Sabah gelen ilk müşterilerden biri, neredeyse tüm moralimi altüst etti. Tezgâhın önünde oluşan yoğunluk ve E5 karayoluna yakınlık sebebiyle araç sesleri, müşterinin söylediklerini duymayı güçleştiriyordu. Müşterinin istediği peynirli poğaça yerine yanlışlıkla patatesli verdiğim için ilk azarı işittim. Bana, “Sen de acaipsin!” diyerek sert bir şekilde seslendi. Hiç sinirlenmeden, hafifçe gülümseyerek kendisinden özür diledim. Benzer şekilde, bazı müşteriler ürünlerin ismini bilmedikleri için siparişlerini parmakla işaret ederek anlatmaya çalıştı; biz de bu şekilde iletişim kurmaya çalıştık. Dört saat boyunca aralıksız ayakta çalıştıktan sonra yoğunluk azaldı. Kahvaltımızı yaptıktan sonra biraz dinlenme fırsatı buldum. Aynı şekilde öğleden sonraya kadar çalışmaya devam ettim.
Yazımın başında da belirttiğim üzere, müşteri memnuniyetine odaklanmak bir işletme için hayati öneme sahiptir. Sadık bir müşteri, işletmenin adeta dolaylı bir ortağıdır.

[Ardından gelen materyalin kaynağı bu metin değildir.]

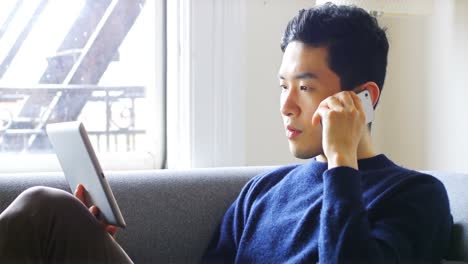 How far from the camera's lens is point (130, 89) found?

Bu tür müşteriler, hem daha yüksek satın alma potansiyeline sahiptir hem de yeni müşteri kazanımında önemli bir rol oynarlar.
Müşteri ilişkilerinde sabırlı davranmak, sebatla hareket etmek ve müşteriyi güler yüzle karşılayıp uğurlamak, başarılı hizmet sunumunun temel taşlarıdır. Müşteriyle doğrudan temas hâlinde olan, hizmetin insani yönünü temsil eden işletme çalışanları ve esnaf ile empati kurabilmenin en etkili yollarından biri, bizzat sahada deneyim kazanmaktır. Nitekim bir günlüğüne de olsa yoğun tempolu bir pastanede çalışmak, bana yalnızca müşteri beklentilerini değil; aynı zamanda müşterilerin de işletme çalışanlarına karşı birtakım sorumluluklar taşıdığını yaşayarak öğretti.
İşletme, müşteri ve çalışan arasında uyumlu bir senkronizasyonun sağlanması, sürdürülebilir başarı ve kurumsal itibar açısından kritik bir gerekliliktir.